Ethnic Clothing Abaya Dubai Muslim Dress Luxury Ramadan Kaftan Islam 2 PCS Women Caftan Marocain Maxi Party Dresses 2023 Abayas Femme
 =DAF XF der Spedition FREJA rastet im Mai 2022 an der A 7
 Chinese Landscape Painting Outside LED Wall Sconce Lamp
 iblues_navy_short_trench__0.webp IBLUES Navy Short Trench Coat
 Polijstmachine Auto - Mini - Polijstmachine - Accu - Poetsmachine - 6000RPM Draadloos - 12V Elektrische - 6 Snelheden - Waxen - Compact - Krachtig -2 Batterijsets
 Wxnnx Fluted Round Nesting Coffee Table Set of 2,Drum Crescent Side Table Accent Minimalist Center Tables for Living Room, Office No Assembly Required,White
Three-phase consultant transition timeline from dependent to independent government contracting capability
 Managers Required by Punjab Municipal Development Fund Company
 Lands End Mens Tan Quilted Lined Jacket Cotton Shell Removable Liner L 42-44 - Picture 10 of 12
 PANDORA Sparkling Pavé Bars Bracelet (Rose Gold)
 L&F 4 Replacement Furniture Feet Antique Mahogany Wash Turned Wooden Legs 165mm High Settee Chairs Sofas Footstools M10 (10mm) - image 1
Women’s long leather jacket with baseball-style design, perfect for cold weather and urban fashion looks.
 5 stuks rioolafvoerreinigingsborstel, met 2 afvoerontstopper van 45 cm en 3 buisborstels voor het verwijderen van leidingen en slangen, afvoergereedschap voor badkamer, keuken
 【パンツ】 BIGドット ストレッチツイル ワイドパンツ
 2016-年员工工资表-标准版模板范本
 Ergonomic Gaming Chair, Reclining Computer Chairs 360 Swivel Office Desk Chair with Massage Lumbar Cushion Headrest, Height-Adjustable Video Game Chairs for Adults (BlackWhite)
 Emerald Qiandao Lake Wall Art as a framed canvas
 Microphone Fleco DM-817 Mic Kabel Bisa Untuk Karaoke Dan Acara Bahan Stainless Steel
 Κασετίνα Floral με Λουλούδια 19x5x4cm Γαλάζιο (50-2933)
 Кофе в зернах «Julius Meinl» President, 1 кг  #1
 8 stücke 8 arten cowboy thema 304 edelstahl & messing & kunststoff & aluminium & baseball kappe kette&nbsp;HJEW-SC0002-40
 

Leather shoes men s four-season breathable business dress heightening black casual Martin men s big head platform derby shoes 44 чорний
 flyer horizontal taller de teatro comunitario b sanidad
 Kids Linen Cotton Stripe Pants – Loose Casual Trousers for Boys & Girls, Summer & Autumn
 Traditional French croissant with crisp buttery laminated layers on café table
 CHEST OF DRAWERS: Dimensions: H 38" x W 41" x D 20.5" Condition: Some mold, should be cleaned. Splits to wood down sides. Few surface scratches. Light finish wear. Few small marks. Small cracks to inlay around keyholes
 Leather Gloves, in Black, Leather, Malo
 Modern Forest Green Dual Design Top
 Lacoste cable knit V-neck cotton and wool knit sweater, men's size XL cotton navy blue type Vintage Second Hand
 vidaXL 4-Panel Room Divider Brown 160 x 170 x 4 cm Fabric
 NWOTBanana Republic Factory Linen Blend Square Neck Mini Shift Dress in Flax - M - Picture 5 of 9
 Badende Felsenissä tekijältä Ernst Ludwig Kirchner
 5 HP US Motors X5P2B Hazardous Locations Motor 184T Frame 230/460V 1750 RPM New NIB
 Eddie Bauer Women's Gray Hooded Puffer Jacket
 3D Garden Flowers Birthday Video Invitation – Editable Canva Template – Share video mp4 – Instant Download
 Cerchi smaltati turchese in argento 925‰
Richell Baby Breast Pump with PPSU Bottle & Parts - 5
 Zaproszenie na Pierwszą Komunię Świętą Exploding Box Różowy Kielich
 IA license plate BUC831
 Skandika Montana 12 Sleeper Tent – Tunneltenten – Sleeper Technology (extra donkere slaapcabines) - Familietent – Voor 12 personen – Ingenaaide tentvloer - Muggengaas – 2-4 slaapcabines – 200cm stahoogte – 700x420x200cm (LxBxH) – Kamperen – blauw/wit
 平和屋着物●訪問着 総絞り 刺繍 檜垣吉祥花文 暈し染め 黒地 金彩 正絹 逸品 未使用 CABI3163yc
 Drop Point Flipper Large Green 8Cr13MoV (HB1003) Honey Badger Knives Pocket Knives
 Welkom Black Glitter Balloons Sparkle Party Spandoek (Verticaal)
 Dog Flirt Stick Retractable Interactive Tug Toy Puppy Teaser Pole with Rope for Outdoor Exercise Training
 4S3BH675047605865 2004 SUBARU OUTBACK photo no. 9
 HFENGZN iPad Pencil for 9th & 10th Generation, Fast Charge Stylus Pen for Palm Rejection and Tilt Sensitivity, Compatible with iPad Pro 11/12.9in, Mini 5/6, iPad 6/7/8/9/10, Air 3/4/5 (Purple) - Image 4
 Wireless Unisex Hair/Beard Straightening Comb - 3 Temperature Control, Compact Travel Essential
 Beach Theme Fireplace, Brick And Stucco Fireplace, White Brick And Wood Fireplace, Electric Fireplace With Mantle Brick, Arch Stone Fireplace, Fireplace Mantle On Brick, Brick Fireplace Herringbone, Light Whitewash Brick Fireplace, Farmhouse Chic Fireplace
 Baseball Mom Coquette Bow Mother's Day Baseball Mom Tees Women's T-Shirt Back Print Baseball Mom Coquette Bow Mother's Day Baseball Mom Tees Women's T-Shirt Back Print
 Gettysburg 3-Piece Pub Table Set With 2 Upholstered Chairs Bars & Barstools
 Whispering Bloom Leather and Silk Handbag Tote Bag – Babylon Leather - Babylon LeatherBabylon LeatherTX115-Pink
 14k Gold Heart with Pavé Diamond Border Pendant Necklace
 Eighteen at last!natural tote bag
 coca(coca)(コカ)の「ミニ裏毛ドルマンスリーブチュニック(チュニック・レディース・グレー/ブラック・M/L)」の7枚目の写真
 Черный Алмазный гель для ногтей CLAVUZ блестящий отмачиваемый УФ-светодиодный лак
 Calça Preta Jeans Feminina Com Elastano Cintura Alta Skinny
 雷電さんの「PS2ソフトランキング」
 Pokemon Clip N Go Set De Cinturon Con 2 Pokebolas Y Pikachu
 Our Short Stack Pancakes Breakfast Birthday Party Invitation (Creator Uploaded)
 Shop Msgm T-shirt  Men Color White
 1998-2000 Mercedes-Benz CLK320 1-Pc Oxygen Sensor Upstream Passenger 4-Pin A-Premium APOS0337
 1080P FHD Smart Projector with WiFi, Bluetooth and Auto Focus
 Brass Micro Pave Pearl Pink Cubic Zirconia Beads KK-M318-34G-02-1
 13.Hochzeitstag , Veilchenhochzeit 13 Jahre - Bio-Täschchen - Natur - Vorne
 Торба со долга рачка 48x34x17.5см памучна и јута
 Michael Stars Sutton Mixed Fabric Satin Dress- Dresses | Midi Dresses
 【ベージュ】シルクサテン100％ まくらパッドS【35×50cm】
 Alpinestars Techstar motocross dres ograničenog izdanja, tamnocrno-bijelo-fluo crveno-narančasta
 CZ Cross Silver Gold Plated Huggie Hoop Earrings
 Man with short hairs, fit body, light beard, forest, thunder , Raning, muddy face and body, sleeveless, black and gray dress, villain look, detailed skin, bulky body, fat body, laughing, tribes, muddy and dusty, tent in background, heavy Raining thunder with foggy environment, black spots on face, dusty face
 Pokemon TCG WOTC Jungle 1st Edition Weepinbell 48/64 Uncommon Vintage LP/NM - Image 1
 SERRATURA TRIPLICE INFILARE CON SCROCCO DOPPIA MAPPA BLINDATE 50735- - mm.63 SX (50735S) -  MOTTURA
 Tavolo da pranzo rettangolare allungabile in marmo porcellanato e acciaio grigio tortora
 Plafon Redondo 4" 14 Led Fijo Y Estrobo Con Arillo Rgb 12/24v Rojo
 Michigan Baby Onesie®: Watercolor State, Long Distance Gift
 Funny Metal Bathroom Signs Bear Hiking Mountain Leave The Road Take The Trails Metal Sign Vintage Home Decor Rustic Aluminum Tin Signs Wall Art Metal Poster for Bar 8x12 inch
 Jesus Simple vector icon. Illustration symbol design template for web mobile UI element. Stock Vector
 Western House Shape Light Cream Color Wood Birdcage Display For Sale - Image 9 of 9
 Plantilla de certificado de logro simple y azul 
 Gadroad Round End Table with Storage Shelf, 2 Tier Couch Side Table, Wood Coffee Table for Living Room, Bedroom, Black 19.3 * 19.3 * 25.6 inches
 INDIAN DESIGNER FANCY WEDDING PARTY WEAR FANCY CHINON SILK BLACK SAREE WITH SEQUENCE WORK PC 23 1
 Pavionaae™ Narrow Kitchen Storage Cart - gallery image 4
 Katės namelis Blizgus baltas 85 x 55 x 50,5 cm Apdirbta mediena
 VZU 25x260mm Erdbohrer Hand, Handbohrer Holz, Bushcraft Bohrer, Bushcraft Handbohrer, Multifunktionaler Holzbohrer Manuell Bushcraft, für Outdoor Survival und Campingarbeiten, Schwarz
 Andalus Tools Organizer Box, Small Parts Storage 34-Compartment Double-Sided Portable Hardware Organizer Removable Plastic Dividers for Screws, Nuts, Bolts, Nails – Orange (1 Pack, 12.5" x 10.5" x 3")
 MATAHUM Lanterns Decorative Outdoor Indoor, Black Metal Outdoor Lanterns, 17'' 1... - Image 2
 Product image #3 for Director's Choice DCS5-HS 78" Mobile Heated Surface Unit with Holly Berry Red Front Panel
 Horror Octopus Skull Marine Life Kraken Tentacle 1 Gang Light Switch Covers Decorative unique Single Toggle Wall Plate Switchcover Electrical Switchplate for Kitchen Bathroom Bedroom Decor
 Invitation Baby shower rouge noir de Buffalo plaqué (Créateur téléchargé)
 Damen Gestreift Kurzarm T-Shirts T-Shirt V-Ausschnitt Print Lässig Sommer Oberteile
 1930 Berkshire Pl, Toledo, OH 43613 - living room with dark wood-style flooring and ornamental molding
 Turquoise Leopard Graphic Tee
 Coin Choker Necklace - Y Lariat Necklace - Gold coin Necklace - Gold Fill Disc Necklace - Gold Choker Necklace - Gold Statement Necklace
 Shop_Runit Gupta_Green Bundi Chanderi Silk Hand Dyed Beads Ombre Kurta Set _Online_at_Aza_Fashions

* Problem to solve *
Repeat, character for character, the lines of the material above from the line with "IA license plate BUC831" through the line with "Drop Point Flipper".

* Output below *
 IA license plate BUC831
 Skandika Montana 12 Sleeper Tent – Tunneltenten – Sleeper Technology (extra donkere slaapcabines) - Familietent – Voor 12 personen – Ingenaaide tentvloer - Muggengaas – 2-4 slaapcabines – 200cm stahoogte – 700x420x200cm (LxBxH) – Kamperen – blauw/wit
 平和屋着物●訪問着 総絞り 刺繍 檜垣吉祥花文 暈し染め 黒地 金彩 正絹 逸品 未使用 CABI3163yc
 Drop Point Flipper Large Green 8Cr13MoV (HB1003) Honey Badger Knives Pocket Knives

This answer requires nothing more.